Brooklyn, NY: Peanut Books, 2013. 82 pages. ISBN-13: 978-0615792484. DOI: 10.21983/P3.0030.1.00. OPEN-ACCESS e-book and $18.00 in print: paperbound/5.75 X 11 in.


I remember hearing a story that might not be true: Isak Dinesen eating nothing but white grapes, oysters, and Chardonnay until she died, presumably in a fur coat. This book knows everything I love about that story—but no way no how is it going down like that.

~ Lucy Corin, author of One Hundred Apocalypses and Other Apocalypses (McSweeney’s, 2013)

We have been missing poems like these for a long time.  It’s as if one were overhearing the grotesque and beloved “Matthew mighty-grain-of-salt O’Connor” coming through James Merrill’s Ouija board. Michael Snediker is one of the most original and affecting poets of his generation.
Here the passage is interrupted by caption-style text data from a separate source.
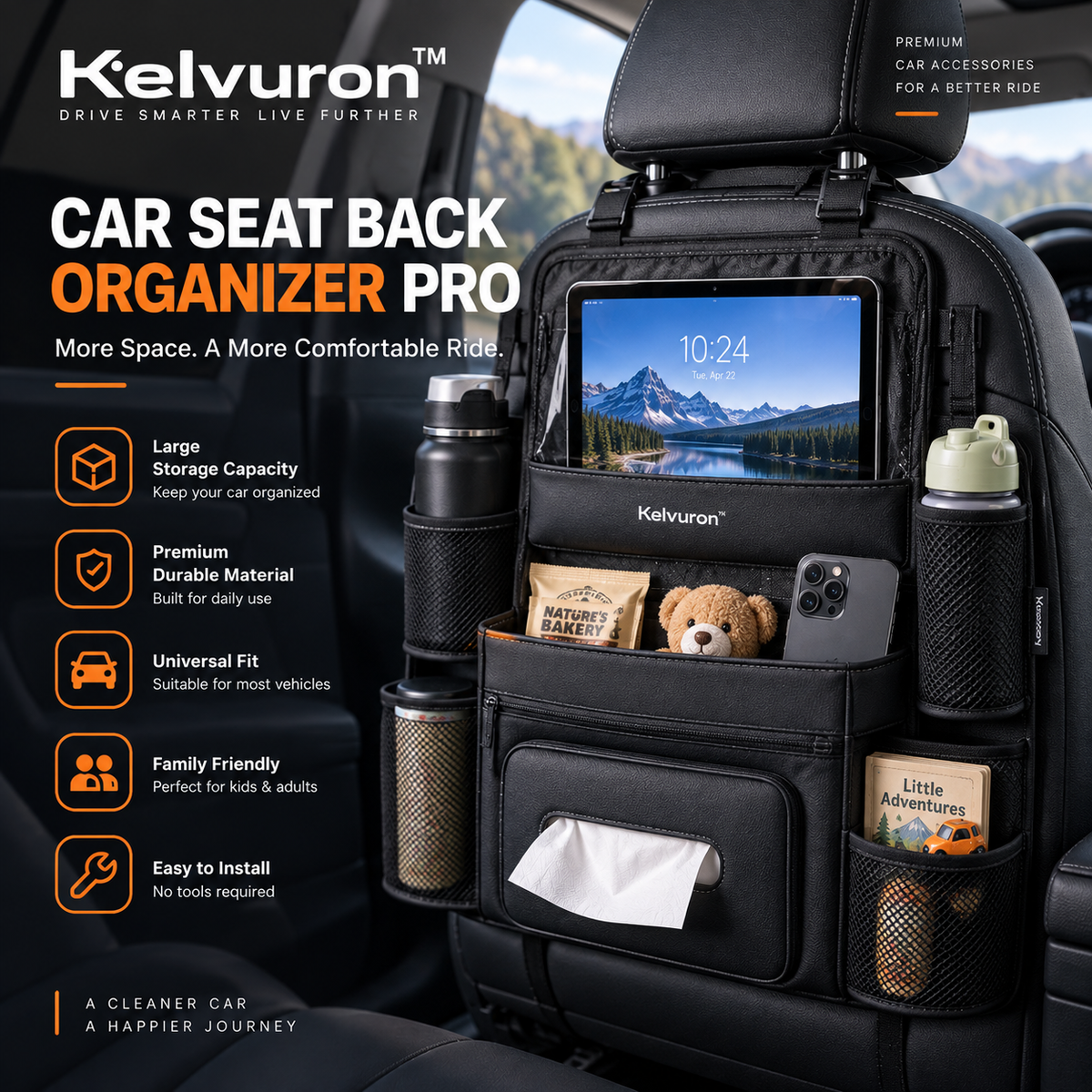 KELVURON™ Car Seat Back Organizer Pro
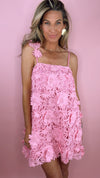 3D Fuchsia Floral Dress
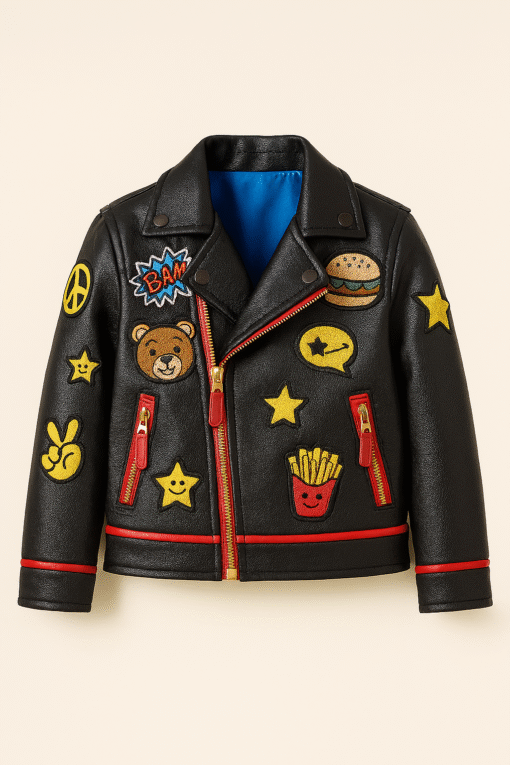 Real Leather Kids Patch Jacket – Black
~ Daniel Tiffany, author of Neptune Park (Omnidawn, 2013)

Imagine Roland Barthes & Wayne Koestenbaum & Proust & the Family Guy holding hands in a perfectly spiked smoothie. Oh, and throw in lots of Gloria Swanson on mescaline.
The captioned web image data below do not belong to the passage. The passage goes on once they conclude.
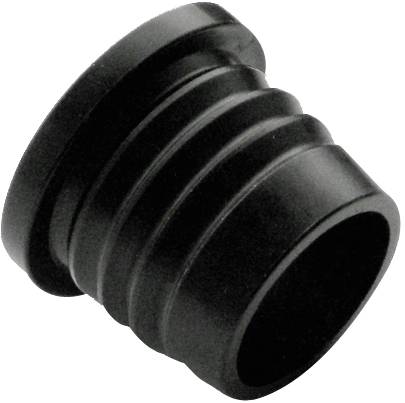 Ein schwarzes, geripptes Kunststoffbauteil mit konischer Form, seitlich betrachtet.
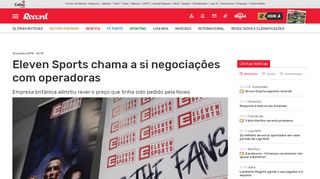 
                            9. Eleven Sports chama a si negociações com operadoras - Fora de ...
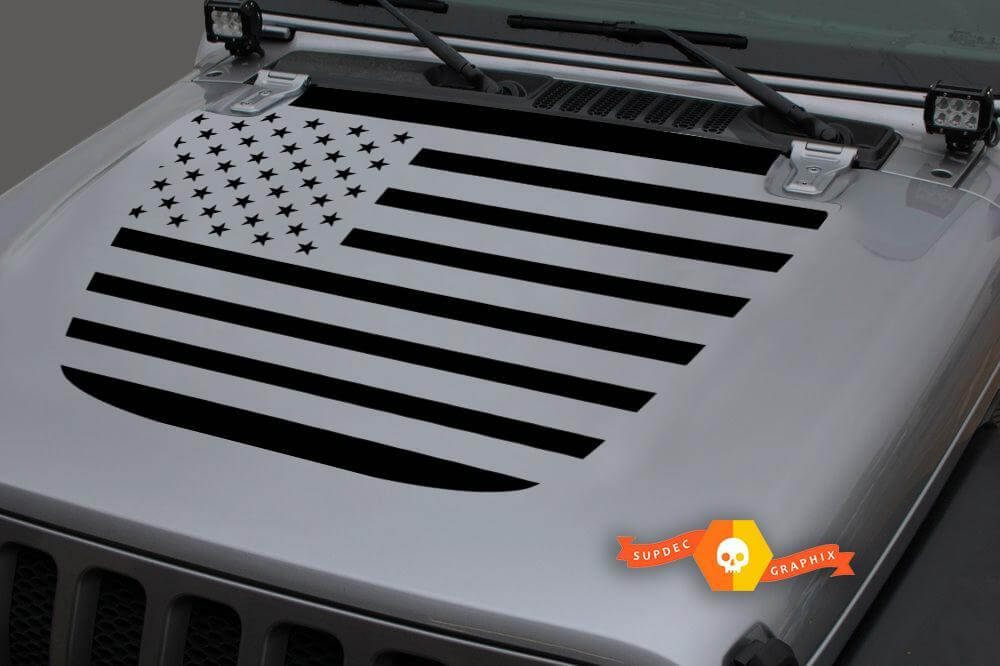 US Flag Hood Vinyl Decal Sticker Graphic for Jeep Gladiator Wrangler JL JLU JT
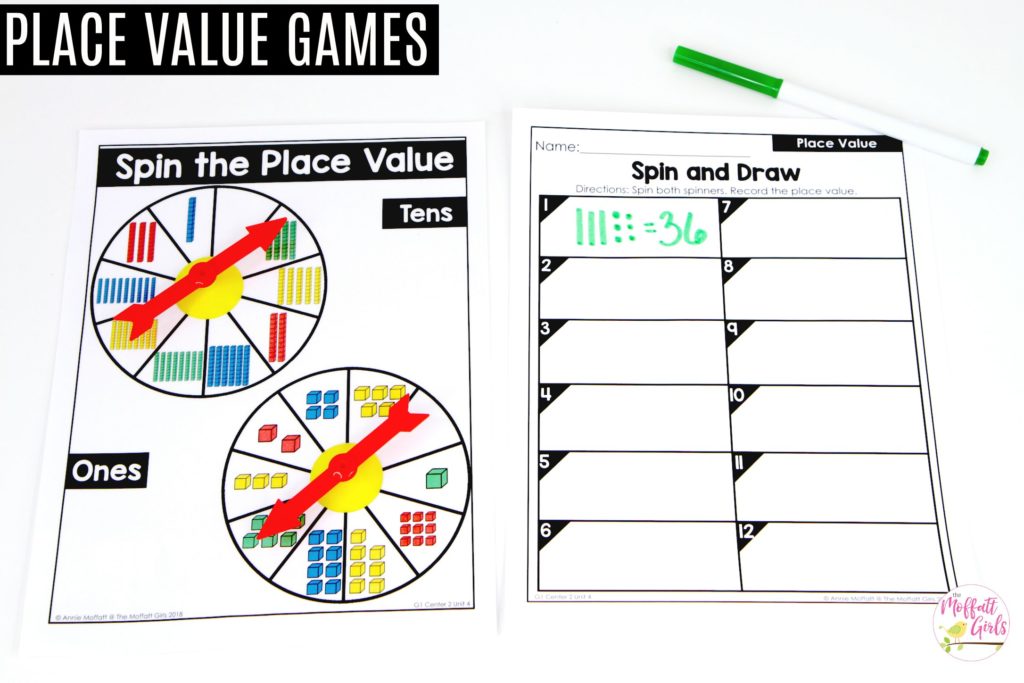 Place Value: Spin and Draw math game Spin the Place Value: This fun 1st Grade Math activity helps students understand place values and the meaning of a number in a hands-on way!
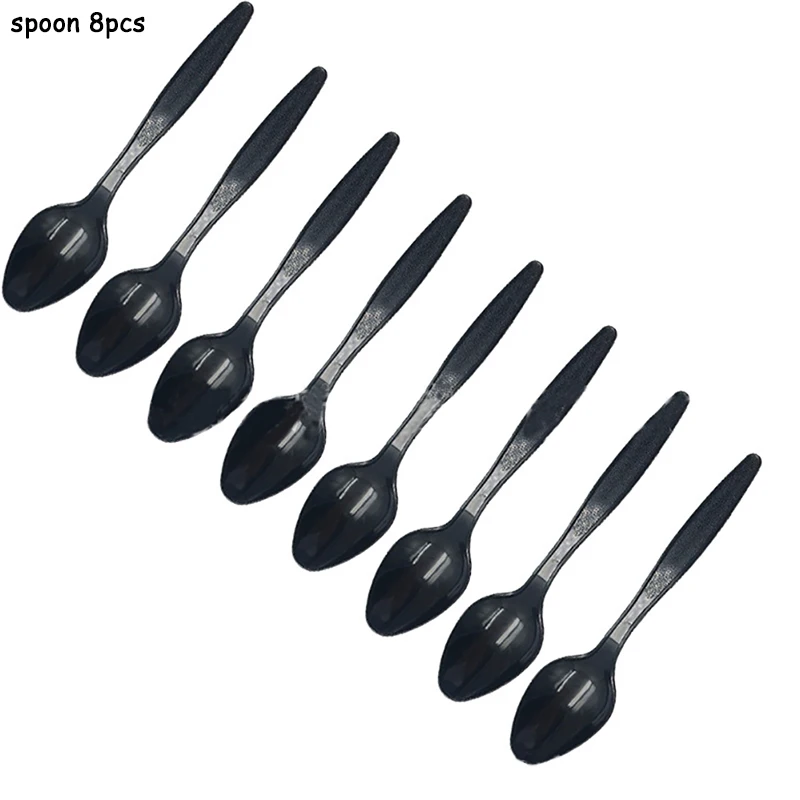8pcs spoons Строительный экскаватор бумажный стаканчик, тарелка, одноразовая посуда, набор для детской вечеринки на день рождения, воздушные шары, принадлежности для мальчиков - Цвет: 8pcs spoons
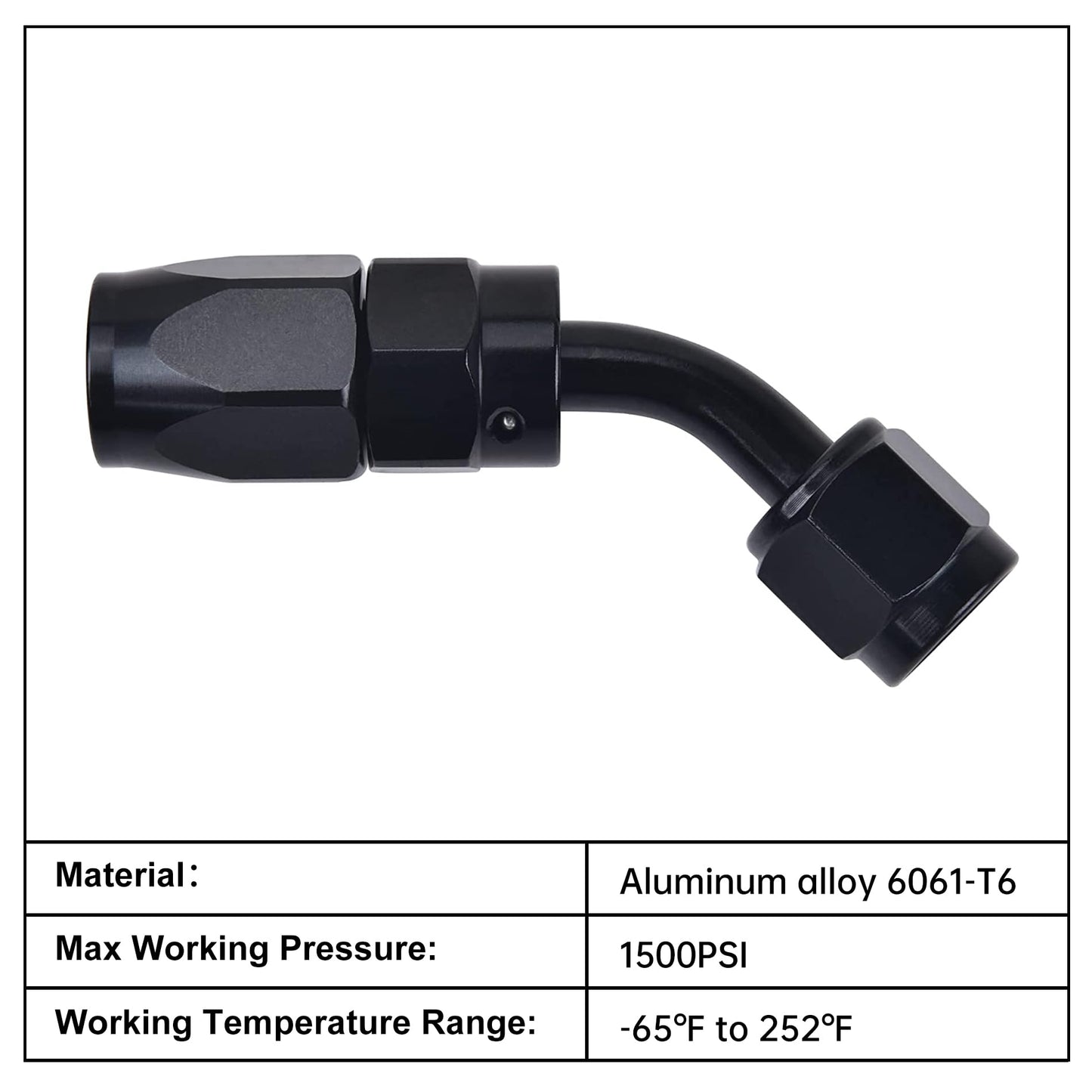 EVIL ENERGY 6AN Hose End Fitting 45 Degree Swivel for CPE Braided Hose Black 4PCS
~ Adam Fitzgerald, author of The Late Parade: Poems and editor of MAGGY Poetry Magazine

The Apartment of Tragic Appliances: Poems

The Apartment of Tragic Appliances Listed as a Finalist for a 2013 Literary Lambda Award (Gay Poetry)! 

The Apartment of Tragic Appliances is a literal place in which a hapless, portable dishwasher “heats residue only to reimagine cleanliness as an art project,” a recalcitrant microwave neglects to heat, and a refrigerator dies an inconvenient, bulky death. It is also that psychic space in which we consider our loneliness, our wandering hearts, our unpacked boxes, our vulgar desires.
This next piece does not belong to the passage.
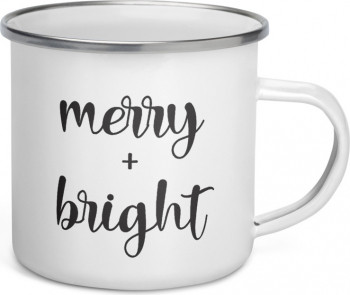 Cana metalica emailata personalizata Merry and Bright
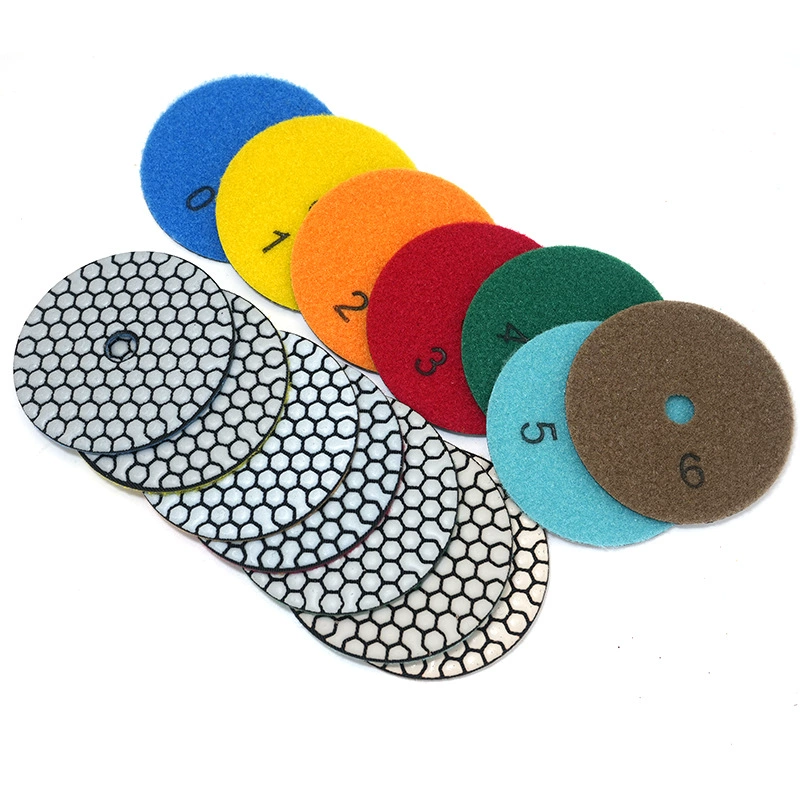 Трансграничная модель 4inch сухой шлифовальный диск алмазный сухой шлифовальный диск камень мрамор гранит кварцевый камень мягкий шлифовальный полировальный диск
In Queer Optimism: Lyric Personhood and Other Felicitous Persuasions (Minnesota, 2007), Michael Snediker worked “in the interests of felicity” to undermine the ways in which queer theory customarily privileges shame and melancholy. Here, in his first full-length collection of poetry, he undertakes a similar upending of expectation, acknowledging “gay sadness” but refusing to fall fully under its sway. The demi-tragedies of daily life are recounted by a voice that is variously wistful, giddy, bawdy, silly, and tart.

Along the way, Michael Snediker sets off an impressive pyrotechnic display of literary allusion, drawing on the superstars of the Western canon (think: Virgil, Racine, Proust, James, Wharton, Tennessee Williams) and of popular culture (Lucille Ball, John Travolta, Alex Trebek).

Buyer beware: In these pages you will not find advice on how to feng shui your duplex or tame a Cuisinart run amok. Instead, you will find something far rarer: a book of poetic sustenance. As Daniel Tiffany observes, “We have been missing poems like these for a long time.”